##### Data listing #####

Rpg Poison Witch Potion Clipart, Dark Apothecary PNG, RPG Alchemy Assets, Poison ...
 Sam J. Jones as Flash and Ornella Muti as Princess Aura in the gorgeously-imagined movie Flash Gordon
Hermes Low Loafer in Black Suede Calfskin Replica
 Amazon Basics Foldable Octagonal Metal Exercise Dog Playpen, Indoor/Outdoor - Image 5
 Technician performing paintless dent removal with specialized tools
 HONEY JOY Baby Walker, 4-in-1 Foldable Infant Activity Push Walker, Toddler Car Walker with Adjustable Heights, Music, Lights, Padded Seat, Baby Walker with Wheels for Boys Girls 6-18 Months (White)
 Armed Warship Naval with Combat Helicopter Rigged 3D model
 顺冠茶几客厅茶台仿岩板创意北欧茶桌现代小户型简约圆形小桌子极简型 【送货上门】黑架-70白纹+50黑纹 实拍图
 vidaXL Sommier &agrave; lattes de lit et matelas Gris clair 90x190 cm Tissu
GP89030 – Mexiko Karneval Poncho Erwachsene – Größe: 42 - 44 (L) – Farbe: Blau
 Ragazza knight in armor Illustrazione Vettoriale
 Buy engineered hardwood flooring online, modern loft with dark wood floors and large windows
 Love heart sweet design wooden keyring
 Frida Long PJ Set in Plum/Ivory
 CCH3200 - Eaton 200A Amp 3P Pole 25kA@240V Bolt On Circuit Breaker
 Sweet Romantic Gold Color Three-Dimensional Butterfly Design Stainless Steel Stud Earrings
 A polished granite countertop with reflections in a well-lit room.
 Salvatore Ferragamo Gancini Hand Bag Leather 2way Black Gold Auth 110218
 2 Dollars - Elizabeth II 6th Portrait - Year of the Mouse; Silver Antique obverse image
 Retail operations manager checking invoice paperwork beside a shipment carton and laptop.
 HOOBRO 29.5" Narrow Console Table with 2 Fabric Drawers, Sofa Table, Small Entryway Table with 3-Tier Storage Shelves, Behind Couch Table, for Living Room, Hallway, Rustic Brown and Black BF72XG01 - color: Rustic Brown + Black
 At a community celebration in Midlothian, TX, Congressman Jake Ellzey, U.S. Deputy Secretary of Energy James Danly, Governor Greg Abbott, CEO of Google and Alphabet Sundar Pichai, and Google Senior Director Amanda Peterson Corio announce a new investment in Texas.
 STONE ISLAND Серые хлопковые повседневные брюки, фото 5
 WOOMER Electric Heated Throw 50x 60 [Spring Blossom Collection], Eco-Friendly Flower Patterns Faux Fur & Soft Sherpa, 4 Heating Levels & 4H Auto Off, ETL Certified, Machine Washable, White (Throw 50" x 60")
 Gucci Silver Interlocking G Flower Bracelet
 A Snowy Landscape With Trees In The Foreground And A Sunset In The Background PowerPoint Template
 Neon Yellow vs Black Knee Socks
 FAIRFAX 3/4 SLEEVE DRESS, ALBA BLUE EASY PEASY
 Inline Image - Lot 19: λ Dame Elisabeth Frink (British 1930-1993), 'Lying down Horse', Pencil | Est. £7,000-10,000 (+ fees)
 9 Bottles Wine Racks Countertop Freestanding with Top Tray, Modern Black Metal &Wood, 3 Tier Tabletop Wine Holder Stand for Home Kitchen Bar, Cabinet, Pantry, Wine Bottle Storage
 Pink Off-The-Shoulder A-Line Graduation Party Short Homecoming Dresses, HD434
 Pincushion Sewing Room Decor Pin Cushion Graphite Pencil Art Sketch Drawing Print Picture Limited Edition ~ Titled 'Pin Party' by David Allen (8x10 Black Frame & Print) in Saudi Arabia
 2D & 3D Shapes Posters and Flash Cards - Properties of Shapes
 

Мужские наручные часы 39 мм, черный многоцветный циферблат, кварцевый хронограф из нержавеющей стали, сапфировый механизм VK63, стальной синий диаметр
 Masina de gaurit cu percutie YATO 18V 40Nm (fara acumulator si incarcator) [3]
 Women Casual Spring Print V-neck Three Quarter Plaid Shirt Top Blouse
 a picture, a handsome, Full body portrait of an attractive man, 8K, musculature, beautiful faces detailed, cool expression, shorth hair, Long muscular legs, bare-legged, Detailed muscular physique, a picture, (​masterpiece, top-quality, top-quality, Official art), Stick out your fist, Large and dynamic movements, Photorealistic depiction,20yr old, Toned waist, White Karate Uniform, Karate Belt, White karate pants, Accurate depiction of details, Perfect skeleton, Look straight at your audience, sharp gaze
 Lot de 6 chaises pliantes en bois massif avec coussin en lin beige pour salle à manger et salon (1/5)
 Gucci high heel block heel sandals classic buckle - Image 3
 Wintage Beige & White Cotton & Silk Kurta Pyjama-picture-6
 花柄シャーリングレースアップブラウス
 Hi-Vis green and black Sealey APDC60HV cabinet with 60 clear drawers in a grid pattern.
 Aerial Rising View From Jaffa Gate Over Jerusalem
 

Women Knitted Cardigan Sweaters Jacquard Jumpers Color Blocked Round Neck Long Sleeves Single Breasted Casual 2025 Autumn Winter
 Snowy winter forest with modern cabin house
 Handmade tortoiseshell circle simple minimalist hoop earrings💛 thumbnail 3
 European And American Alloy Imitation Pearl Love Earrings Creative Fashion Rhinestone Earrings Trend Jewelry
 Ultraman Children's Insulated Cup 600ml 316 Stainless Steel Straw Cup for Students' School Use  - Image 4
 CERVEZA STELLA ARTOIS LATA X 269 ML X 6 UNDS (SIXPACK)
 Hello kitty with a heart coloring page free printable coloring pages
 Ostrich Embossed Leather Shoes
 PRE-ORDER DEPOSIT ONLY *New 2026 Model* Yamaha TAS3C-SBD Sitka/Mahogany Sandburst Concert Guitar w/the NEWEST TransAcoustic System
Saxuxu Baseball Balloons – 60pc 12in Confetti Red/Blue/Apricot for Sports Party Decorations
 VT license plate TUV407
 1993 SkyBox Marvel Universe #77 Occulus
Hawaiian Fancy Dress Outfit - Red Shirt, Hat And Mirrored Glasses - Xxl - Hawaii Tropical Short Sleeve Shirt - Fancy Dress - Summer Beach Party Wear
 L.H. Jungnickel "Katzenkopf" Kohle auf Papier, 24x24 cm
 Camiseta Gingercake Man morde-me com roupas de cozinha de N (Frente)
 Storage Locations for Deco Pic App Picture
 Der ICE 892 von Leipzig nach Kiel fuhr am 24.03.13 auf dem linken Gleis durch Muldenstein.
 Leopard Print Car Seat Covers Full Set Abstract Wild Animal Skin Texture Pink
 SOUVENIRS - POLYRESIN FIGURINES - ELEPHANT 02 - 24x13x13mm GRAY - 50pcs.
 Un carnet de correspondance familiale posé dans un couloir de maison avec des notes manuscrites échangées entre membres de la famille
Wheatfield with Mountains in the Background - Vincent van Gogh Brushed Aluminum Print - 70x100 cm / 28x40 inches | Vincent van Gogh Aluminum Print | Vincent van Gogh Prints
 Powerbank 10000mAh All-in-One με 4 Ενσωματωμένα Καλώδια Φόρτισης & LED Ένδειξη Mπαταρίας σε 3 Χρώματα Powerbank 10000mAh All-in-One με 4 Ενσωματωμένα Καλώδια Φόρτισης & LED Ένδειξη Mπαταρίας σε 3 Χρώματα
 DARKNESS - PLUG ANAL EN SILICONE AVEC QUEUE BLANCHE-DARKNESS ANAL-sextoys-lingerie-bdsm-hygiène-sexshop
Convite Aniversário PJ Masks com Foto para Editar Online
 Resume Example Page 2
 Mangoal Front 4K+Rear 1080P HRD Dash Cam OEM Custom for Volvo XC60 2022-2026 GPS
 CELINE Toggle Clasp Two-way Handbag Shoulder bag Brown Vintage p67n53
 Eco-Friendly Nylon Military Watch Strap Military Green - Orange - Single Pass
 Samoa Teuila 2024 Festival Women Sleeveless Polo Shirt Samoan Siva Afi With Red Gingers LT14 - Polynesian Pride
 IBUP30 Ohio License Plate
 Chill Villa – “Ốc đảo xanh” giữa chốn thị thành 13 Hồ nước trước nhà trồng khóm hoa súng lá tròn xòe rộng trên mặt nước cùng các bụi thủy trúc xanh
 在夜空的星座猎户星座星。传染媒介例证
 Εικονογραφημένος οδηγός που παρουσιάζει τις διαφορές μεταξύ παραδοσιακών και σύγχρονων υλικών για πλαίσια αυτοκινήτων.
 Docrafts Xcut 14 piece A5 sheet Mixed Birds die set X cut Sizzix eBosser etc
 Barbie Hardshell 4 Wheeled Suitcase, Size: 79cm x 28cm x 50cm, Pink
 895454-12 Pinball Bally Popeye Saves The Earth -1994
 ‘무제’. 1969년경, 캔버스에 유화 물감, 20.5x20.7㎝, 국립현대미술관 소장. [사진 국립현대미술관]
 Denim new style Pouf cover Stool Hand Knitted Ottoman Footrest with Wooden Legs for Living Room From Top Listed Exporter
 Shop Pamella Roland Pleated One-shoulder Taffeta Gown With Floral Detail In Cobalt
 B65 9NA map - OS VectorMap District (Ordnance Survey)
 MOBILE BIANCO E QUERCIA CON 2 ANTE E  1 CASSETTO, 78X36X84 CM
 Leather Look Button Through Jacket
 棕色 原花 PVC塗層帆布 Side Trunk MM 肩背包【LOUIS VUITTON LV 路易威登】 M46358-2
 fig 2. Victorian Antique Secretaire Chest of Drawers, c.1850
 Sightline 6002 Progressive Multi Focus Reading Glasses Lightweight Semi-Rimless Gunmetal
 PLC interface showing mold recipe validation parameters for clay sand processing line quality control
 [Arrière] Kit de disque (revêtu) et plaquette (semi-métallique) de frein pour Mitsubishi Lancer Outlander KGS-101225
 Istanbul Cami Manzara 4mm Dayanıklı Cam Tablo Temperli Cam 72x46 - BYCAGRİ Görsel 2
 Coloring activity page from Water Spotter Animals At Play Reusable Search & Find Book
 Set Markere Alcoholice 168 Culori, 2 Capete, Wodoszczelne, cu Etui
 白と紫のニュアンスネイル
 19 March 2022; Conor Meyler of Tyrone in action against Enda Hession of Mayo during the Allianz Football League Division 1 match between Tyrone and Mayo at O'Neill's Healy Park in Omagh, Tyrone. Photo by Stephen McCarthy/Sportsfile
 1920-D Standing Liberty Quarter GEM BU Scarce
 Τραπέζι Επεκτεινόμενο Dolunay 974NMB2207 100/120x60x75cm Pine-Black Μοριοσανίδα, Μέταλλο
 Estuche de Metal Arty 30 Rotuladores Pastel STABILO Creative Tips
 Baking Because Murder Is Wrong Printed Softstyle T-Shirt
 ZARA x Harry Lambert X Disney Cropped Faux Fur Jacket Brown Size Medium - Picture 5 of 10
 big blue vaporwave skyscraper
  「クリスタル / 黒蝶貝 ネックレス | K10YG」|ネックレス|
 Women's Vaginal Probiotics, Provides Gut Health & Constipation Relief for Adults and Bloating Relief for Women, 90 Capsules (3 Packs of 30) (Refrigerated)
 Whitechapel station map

#####

Whenever a line above includes the string "Silver", copy it.

 2 Dollars - Elizabeth II 6th Portrait - Year of the Mouse; Silver Antique obverse image
 Gucci Silver Interlocking G Flower Bracelet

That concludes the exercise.